25 de diciembre de 2017

¿Queda claro ahora?

Advierto de antemano a mis amigos que lo que viene a renglón seguido, a pesar de la fecha de su publicación, no es un cuento de Navidad. De serlo, lo hubiera titulado el Cuento de nunca acabar. Vayamos al grano:


Si después de los resultados electorales del pasado 21 de diciembre todavía hay alguien que no acaba de entender el verdadero trasfondo de la llamada cuestión catalana, es porque parte de premisas equivocadas o porque se niega a entenderlo. Las urnas, como siempre -aunque unas veces más que otras-, han dejado algunas cosas muy claras. El independentismo se mantiene firme con cifras que rondan el 50% de la población y el constitucionalismo le para los pies con un porcentaje muy parecido. Un fifty-fifty que no permite hablar de soluciones unilaterales ni a unos ni a otros, un empate técnico del que sólo se saldrá mediante acuerdos políticos que dejen satisfechas a las dos partes. No hay otro camino, ni declaraciones de independencia por las bravas ni aplicaciones del artículo 155. Supongo que los políticos de los dos lados ya lo habrán entendido, y pobre del que no.

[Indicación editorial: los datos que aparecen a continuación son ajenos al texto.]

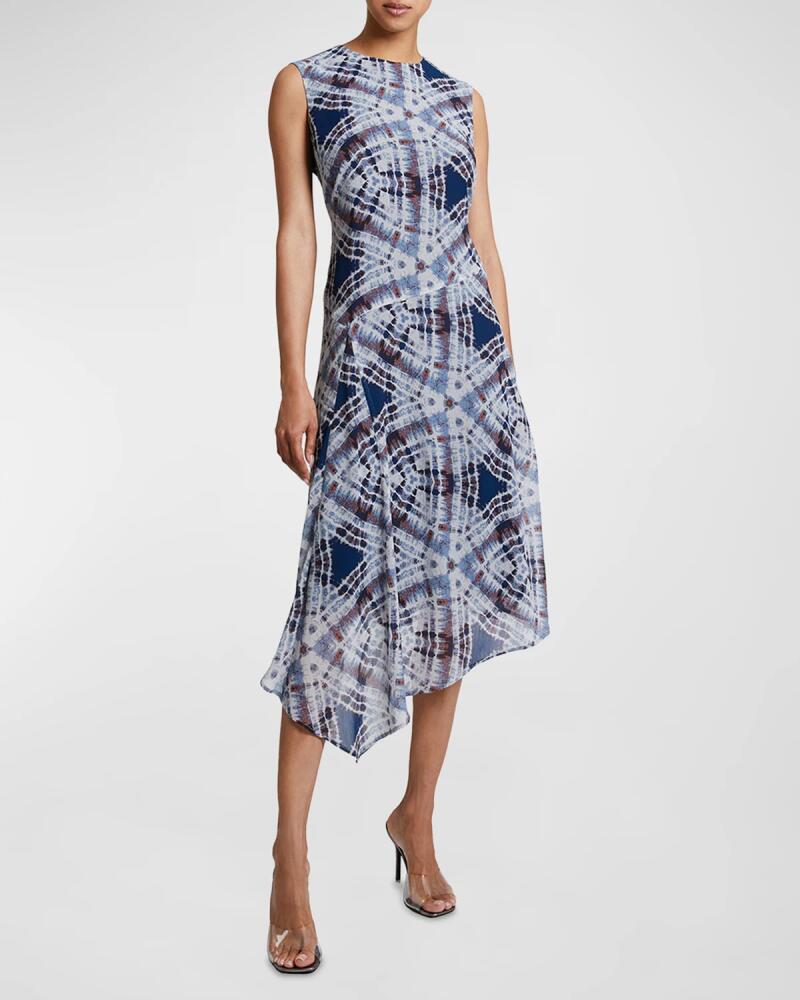 Santorelli Cecilia Asymmetric Abstract-Print Midi Dress Cover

Los independentistas no pueden seguir insistiendo en la independencia de una parte de un estado con quinientos años de antigüedad, mientras cuenten con la oposición de la mitad de sus conciudadanos. Los constitucionalistas por su parte deben aceptar que para salir de esta situación hace falta revisar el statu quo para tratar de encajar satisfactoriamente a la otra mitad, en un orden constitucional modificado. Ahora no valen gritos desaforados de independencia ni tampoco imposición férrea de una Constitución que, aunque no fuera más que por su antigüedad, necesita ajustes. No se trata de exigir generosidad a unos y a otros, sino de hacer un llamamiento a la cordura más elemental. Porque en caso contrario el conflicto continuará enquistado por los siglos de los siglos.

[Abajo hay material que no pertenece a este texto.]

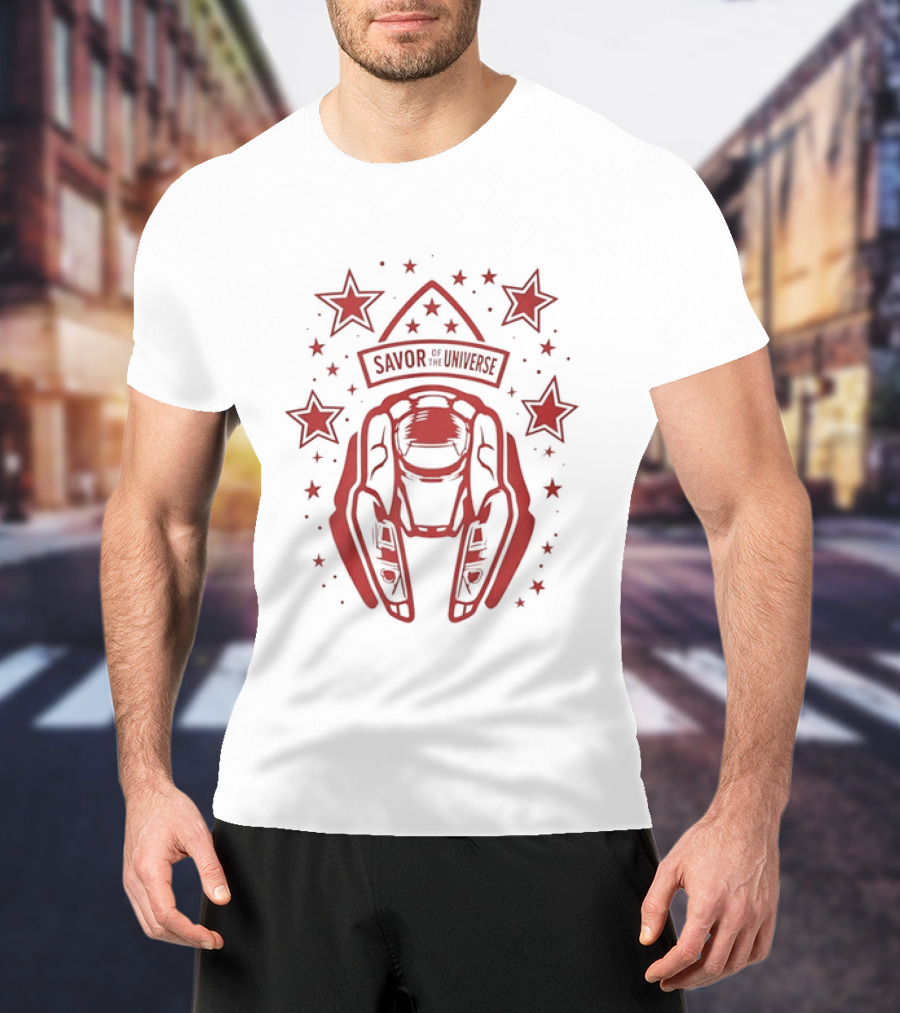 Savor Space Helmet Astronaut Starry Universe Adventure T-Shirt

No va a ser fácil, porque las cosas han llegado a unos límites insospechados hace unos meses. Los independentistas se dejaron llevar por la vehemencia separatista, por unas prisas insensatas que los arrastraron al terreno de la ilegalidad, a un enfrentamiento suicida con las estructuras del Estado; y el Gobierno Central respondió con una contundencia que, aunque justificada en un principio por la peligrosa deriva secesionista, se administró con una enorme torpeza, con unos modos más cercanos a la acción partidista que al sentido de la responsabilidad que se le debe exigir a los estadistas. Esto último lo ha pagado el PP ostensiblemente en las urnas y no es de descartar que le siga pasando factura en el futuro.

Pero nunca es tarde. Si los independentistas recogen con sensatez las velas de la unilateralidad y los constitucionalistas se prestan con inteligencia a las modificaciones legales que haya lugar, es hasta posible que de esta debacle salgan soluciones aceptables para todos. Aunque por sabido resulte un tópico, ahora más que nunca ha llegado el tiempo de la Política con mayúsculas. Persistir en el enfrentamiento, en la intransigencia, en el afán de victoria por derrota absoluta del adversario sólo nos llevaría a un desastre colectivo, cuya sombra nos ronda desde hace tiempo. No tentemos al diablo de la discordia civil, que siempre ha sido muy proclive a enredar en nuestra convivencia.

¿Todavía hay alguien que no se haya dado cuenta de lo que sucede? ¿Es posible que aún exista quien cree que alguna de las partes pude vencer por K.O. en esta contienda? Como dicen los chistosos, no me lo podría de creer.